Once you've got that down, it's all over but the plotting. Here is how predicted probability of `satellite` male crab count changes across the range of observed female `mass`:
```{r}
ggplot(pres_preds, aes(x = mass, y = fit)) +
geom_line() +
geom_ribbon(aes(ymin = lwr, ymax = upr, color = NULL), alpha = .3) +
scale_y_continuous(limits = c(0, 1)) +
xlab("Mass of female crab (g)") +
ylab("Probability of satellite male")
```
Finally, we can make a plot of the number of `satellite` males we would expect to see on a female crab given that she had attracted any males in the first place.
**Also important:** We need to remember here that we have two different models. The first model `step1` was a binary logistic regression, so it used the logit link. The second model `step2` was a count model and used the log link. That means we need to invert the log link to get our predicted counts back on the real scale.
```{r}
# Sequences of new masses based on the min and max observed
# in our data
new_mass <- data.frame(mass = seq(min(crabs$mass), max(crabs$mass), .1))
# Make predictions using step2 model and the new_mass df
count_preds <- data.frame(
predict(step2, newdata = new_mass, type = "link", se.fit = TRUE)
)
# Get 95% confidence intervals
count_preds$lwr <- count_preds$fit + count_preds$se.fit * qnorm(0.025)
count_preds$upr <- count_preds$fit + count_preds$se.fit * qnorm(0.975)
# Invert the log link function
count_preds <- apply(count_preds, 2, exp)
# Combine the new masses and the predictions with which
# they are associated - overwriting on the fly - yuck!!
count_preds <- data.frame(new_mass, count_preds)
```
Here is a plot showing how the number of `satellite` males observed changes with the `mass` of female horseshoe crabs:
```{r}
ggplot(count_preds, aes(x = mass, y = fit)) +
geom_line() +
geom_jitter(aes(x = mass, y = satellites), data = crabs[crabs$satellites > 0, ]) +
geom_ribbon(aes(ymin = lwr, ymax = upr, color = NULL), alpha = .3) +
xlab("Mass of female crab (kg)") +
ylab("Number of satellite males")
```
Well, it doesn't exactly inspire great confidence in the biological relationship between female horseshoe crab mass and the number of satellite males she attracts, but that is exactly why it is so important to communicate these effects.
## Next steps {#next-13}
This chapter has provided an overview of GLMs that we can use for count data, and demonstrates one way to handle cases of skewed counts or the more extreme case of zero-inflated counts.

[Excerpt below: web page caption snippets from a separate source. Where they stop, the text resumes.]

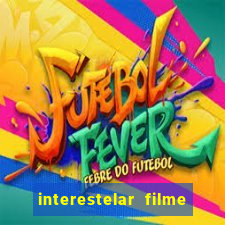 interestelar filme completo dublado google drive interestelar filme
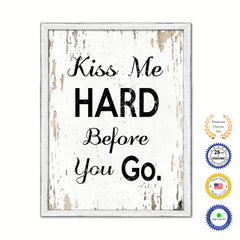 Kiss Me Hard Before You Go Vintage Saying Gifts Home Decor Wall Art Canvas Print with Custom Picture Frame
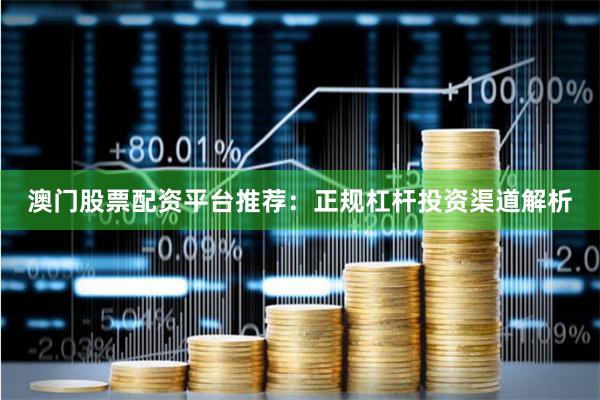 澳门股票配资平台推荐：正规杠杆投资渠道解析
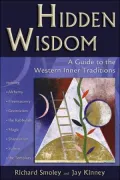 Hidden Wisdom: A Guide to the Western Inner Traditions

These are common "problems" in biological and ecological data that are easily resolved within the flexible framework of GLM, which includes all of the other models we've looked at since [Chapter 6](#Chapter6). In [Chapter 14](#Chapter14) and [Chapter 15](#Chapter15) we'll look at how to extend this framework even further (another umbrella) to include repeated observations and relatedness between groups when we introduce mixed effects models.